En el camino a su casa, me entristecí. Sin ver una película, me entristecí. No se quitó la vida una peluquera por mí, ni una pelirroja hermosa me abandonó; pero me entristecí.

Fuimos por mi café y me di cuenta que estaba muy sucio. Seguramente olía mal, después de andar de un lado para el otro todo el día. Aunque sea me hubiera bañado en el hotel, pero ni eso.

Hoy no me importó su vida. Sólo quería que me acompañara para tomar mi café y luego poder despedirme. Como no le dije nada, me dijo que “lo viviera”. “Vivir la tristeza” debe ser algo así como disfrutar la alegría o sufrir el dolor; ¿acaso hay opciones, se puede hacer alguna otra cosa?

Me despedí. Estaba lloviendo. Esa lluvia que mencionaba al principio. Caminé por esas calles tranquilas. Un par de calles después se fue la luz en toda la colonia o al menos en la parte en que me encontraba. Las gotas seguían cayendo amablemente. En Álvaro Obregón di vuelta hacia Insurgentes. Había gente en las calles, a pesar de la hora y de la llovizna.

Desde la preparatoria me gustan esas calles para caminar. Las descubrí porque iba al cineclub los martes, los miércoles y los jueves. Los miércoles las películas eran por el Parque Hundido; los otros dos días a unas cuadras de Reforma.
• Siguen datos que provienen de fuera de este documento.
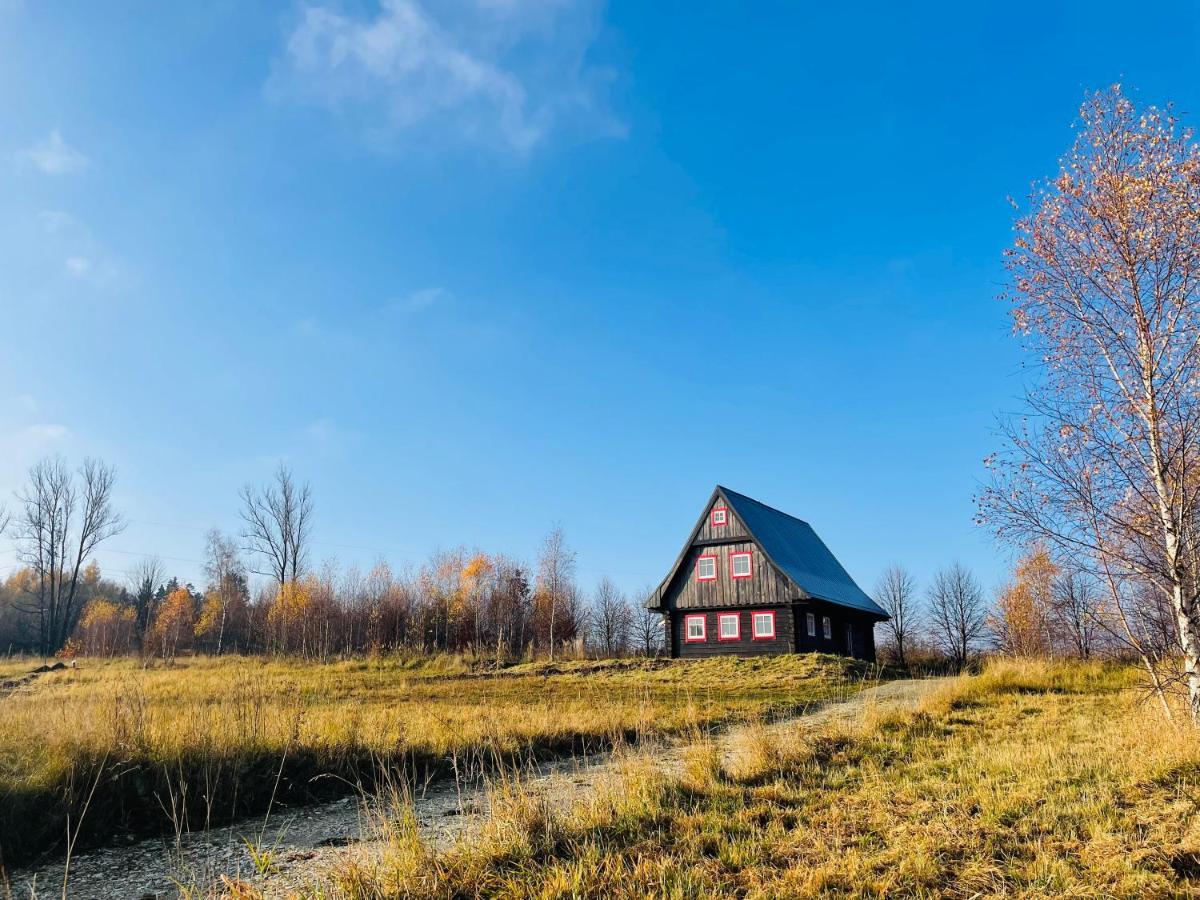 Chata Waliszow Nowy Waliszow Ngoại thất bức ảnh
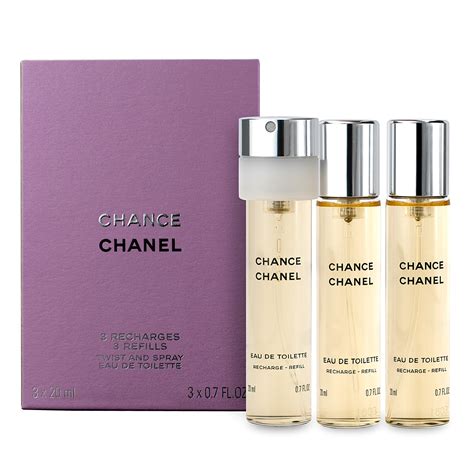 chanel chance refil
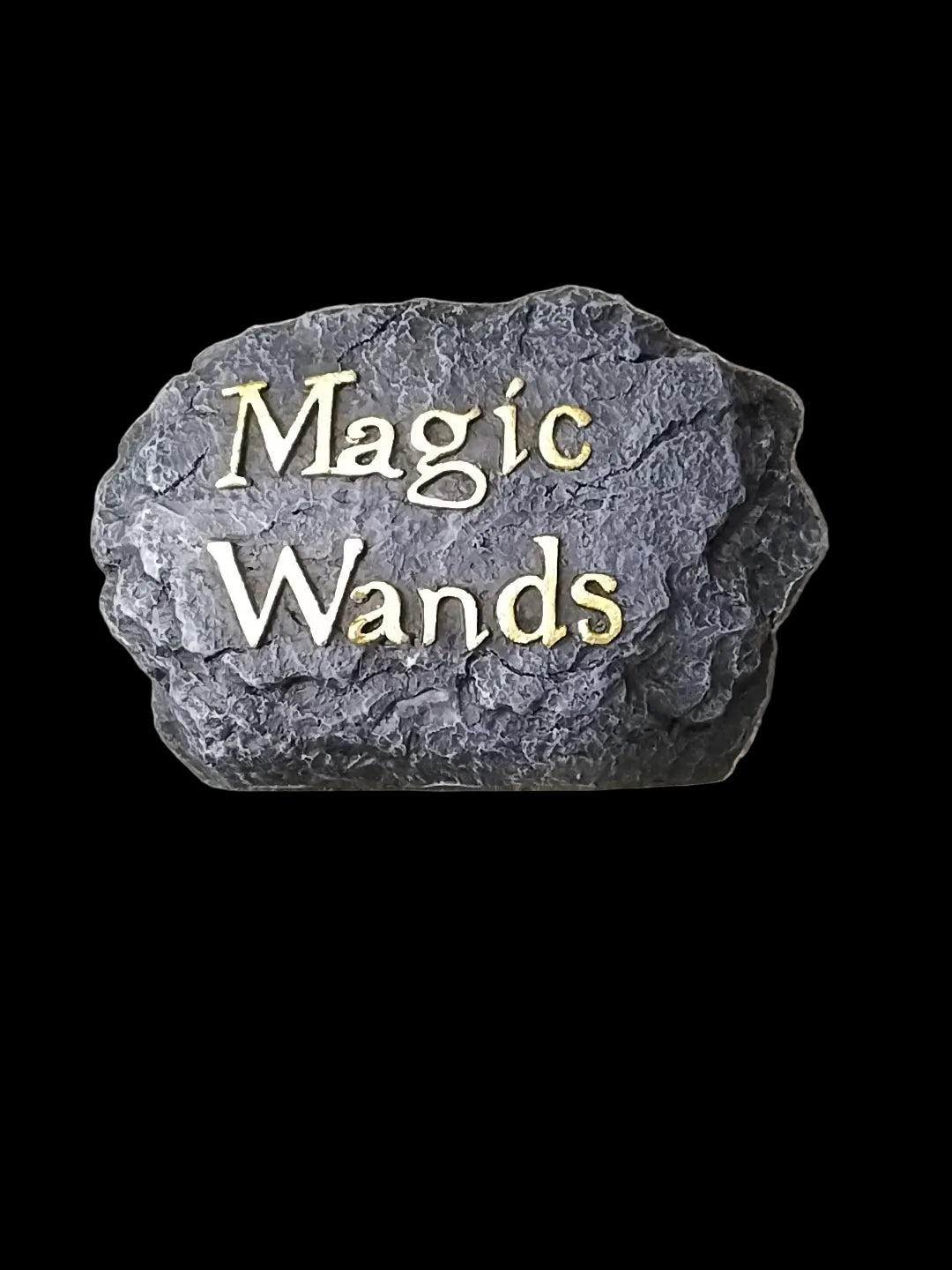 Polyresin Wand Stand (holds 4 wands)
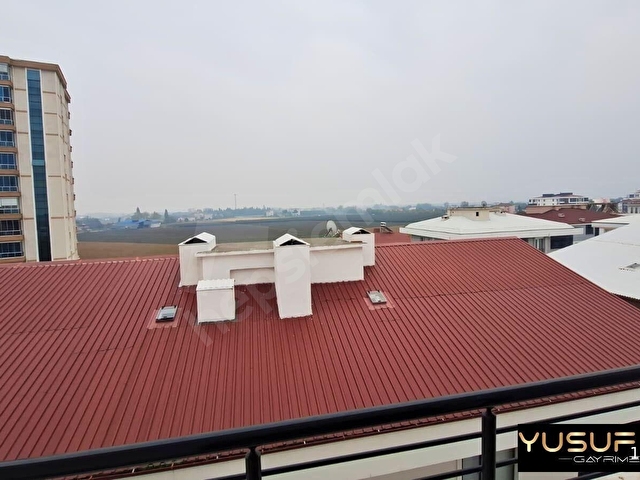 YUSUF USTA GAYRİMENKULDEN KİRACILI PAZARLIKSIZ FIRSAT 1+1 DAİRE - Görsel 20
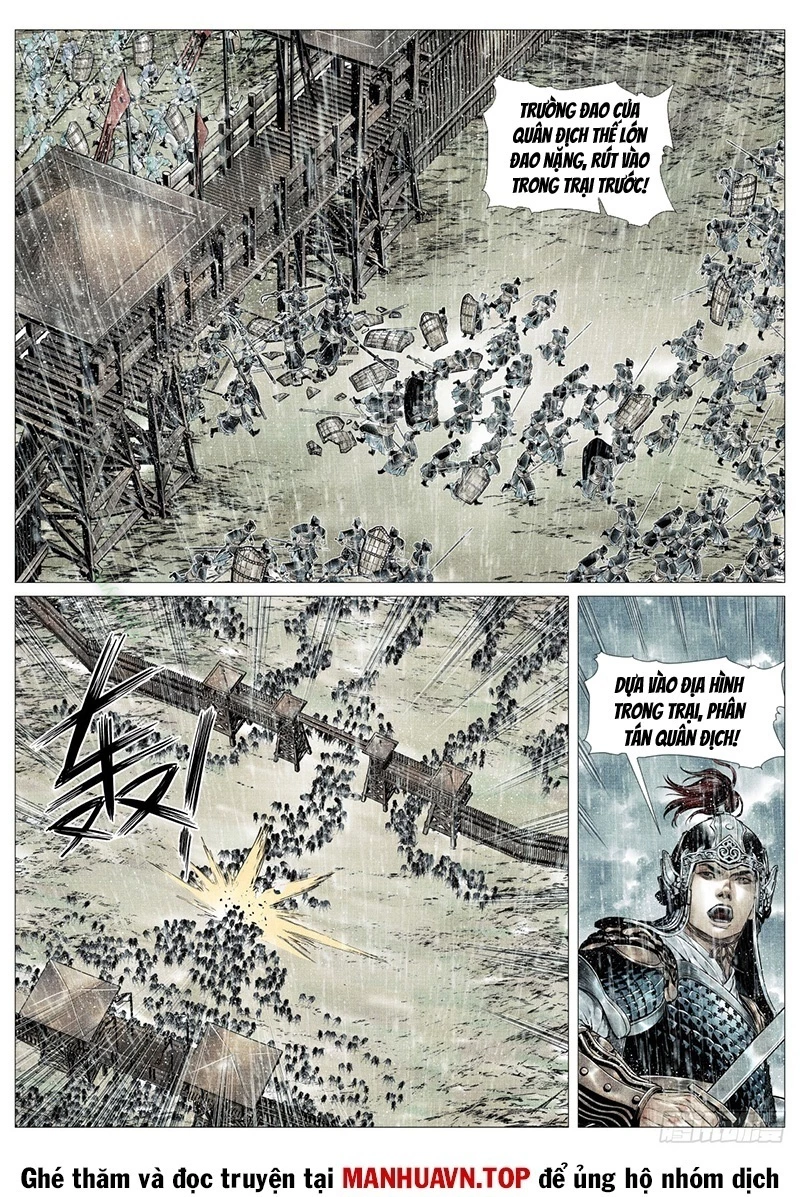 Bắt Đầu Từ Làm Vong Quốc Hoàng Đế Chapter 151 - Trang 3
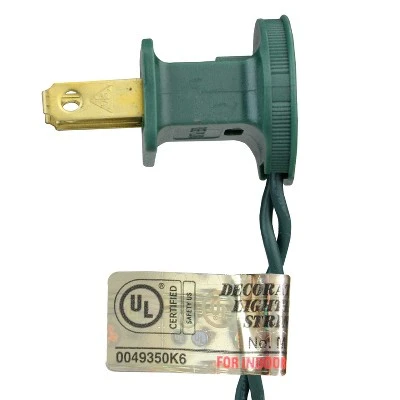 Northlight 4pc Artificial Christmas Tree Winter Spruce, Wreath and Garland Set 6.5' - Clear Lights 5 Northlight 4pc Artificial Christmas Tree Winter Spruce, Wreath and Garland Set 6.5' - Clear Lights - Image 5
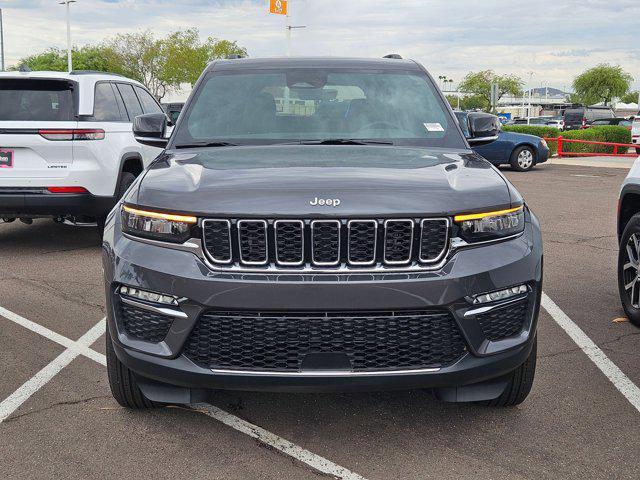 new 2025 Jeep Grand Cherokee car, priced at $39,648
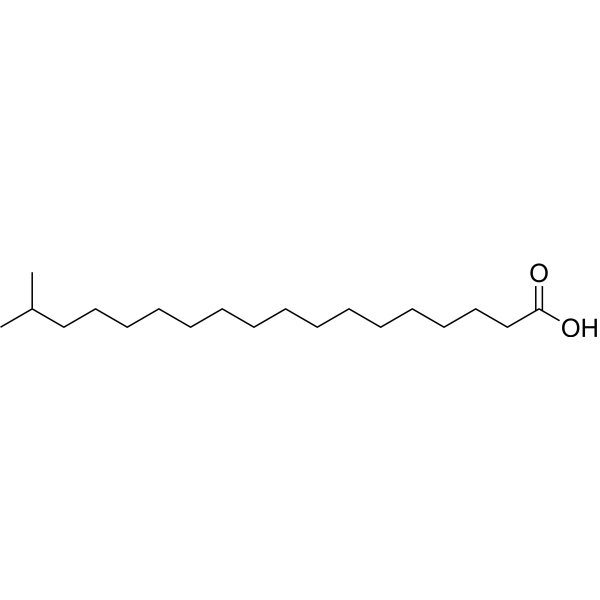 17-Methylstearic acid (17-Methyloctadecanoic acid) 2724-59-6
Cuando terminaban las funciones, caminaba por Insurgentes hasta llegar al metro.

En cierta forma, crecí caminando por esas calles, tan cambiantes y tan siempre las mismas. Por mucho tiempo se volvió una rutina pasar por ahí antes de llegar a casa, aún si me encontraba en algún otro lado de la ciudad.

Caminaba sobre Insurgentes y también entre las calles de la Roma y la Condesa. A veces me detenía en los teléfonos públicos y hacía llamadas o las fingía. Había lugares por los que me gustaba pasar. Me preguntaba si alguien se daba cuenta de mi rutina, aunque no me preocupaba demasiado si alguien lo hacía.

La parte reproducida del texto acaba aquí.